Windows下编译带CUDA 11.2的TensorFlow 2.4.1

Windows下编译带CUDA 11.2的TensorFlow 2.4.1

参考链接:https://blog.csdn.net/u012440550/article/details/113361176?utm_medium=distribute.pc_relevant.none-task-blog-BlogCommendFromMachineLearnPai2-4.control&dist_request_id=&depth_1-utm_source=distribute.pc_relevant.none-task-blog-BlogCommendFromMachineLearnPai2-4.control

https://zhuanlan.zhihu.com/p/259789357

编译好的动态库下载链接:

CPU版:https://download.csdn.net/download/weixin_43140187/15745733

GPU版:https://download.csdn.net/download/weixin_43140187/15745707

 

环境准备

1. 内存要求

在8个并行任务下(默认并行数为CPU线程数),应有不小于10G的内存,否则会产生编译器堆空间不足的错误。

2. Python & Pip

首先Python需要安装一些包:six、numpy、wheel、setuptools、keras_applications和keras_preprocessing,使用管理员权限打开命令提示符:

pip install six numpy wheel setuptools

pip install keras_applications --no-deps

pip install keras_preprocessing --no-deps

注意,Python路径中不能出现空格,即Windows下默认安装路径C:\Program Files\Python39会在编译时报错,因此如果装到了这个路径,需要在一个没有空格的目录下创建一个链接(不是快捷方式),用mklink命令。

(本人采用的Anaconda3自带的python环境)

3. CUDA

这里选的CUDA 11.1,CUDA官网下载安装,没什么好说的。

4. Bazel

然后是Bazel,bazel很简单,就一个exe,需要设置环境变量给到Path下,我偷懒直接放到CUDA的bin目录下。我选的版本是3.7.2。

5. MSYS2

再安装MSYS2,同样需要给msys64\usr\bin目录设置环境变量。

官方教程少提了一个zip包,因此安装命令如下:

pacman -S git patch unzip zip

6. Visual Studio 2019

 然后是VS,下载VS安装器,为避免麻烦,装到C盘默认路径(这次我没有尝试非C盘路径,不知道找不到编译器的bug还在不在)。如果非VS用户,只需安装除必选组件外的MSVC v142 - VS 2019 C++ x64/x86生成工具(随便一个,我选的最新版本)和Windows 10 SDK(同样随便,我选的最新的)。

 

编译

配置

下载TensorFlow 2.4.1源码,使用CMD进入解压后的根目录,执行:python configure.py

(注意如果编译CPU版, CUDA那一步可以选择N)

D:\tf2\tensorflow-2.4.1>python configure.py

You have bazel 3.7.2 installed.

Please specify the location of python. [Default is C:\Users\XJWT\anaconda3\python.exe]:

Found possible Python library paths:

  C:\Users\XJWT\anaconda3\lib\site-packages

Please input the desired Python library path to use.  Default is [C:\Users\XJWT\anaconda3\lib\site-packages]

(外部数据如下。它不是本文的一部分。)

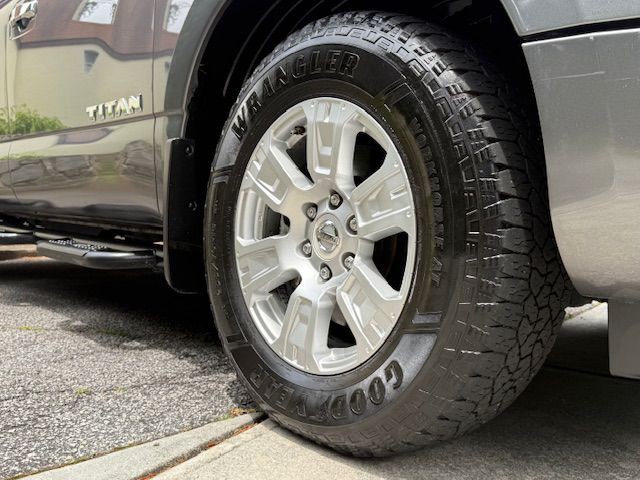 2021 Nissan Titan Image 34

Do you wish to build TensorFlow with ROCm support? [y/N]: N

No ROCm support will be enabled for TensorFlow.

Do you wish to build TensorFlow with CUDA support? [y/N]: y

CUDA support will be enabled for TensorFlow.

Found CUDA 11.1 in:

    C:/Program Files/NVIDIA GPU Computing Toolkit/CUDA/v11.1/lib/x64

    C:/Program Files/NVIDIA GPU Computing Toolkit/CUDA/v11.1/include

Found cuDNN 8 in:

    C:/Program Files/NVIDIA GPU Computing Toolkit/CUDA/v11.1/lib/x64

    C:/Program Files/NVIDIA GPU Computing Toolkit/CUDA/v11.1/include

Please specify a list of comma-separated CUDA compute capabilities you want to build with.

You can find the compute capability of your device at: https://developer.nvidia.com/cuda-gpus. Each capability can be specified as "x.y" or "compute_xy" to include both virtual and binary GPU code, or as "sm_xy" to only include the binary code.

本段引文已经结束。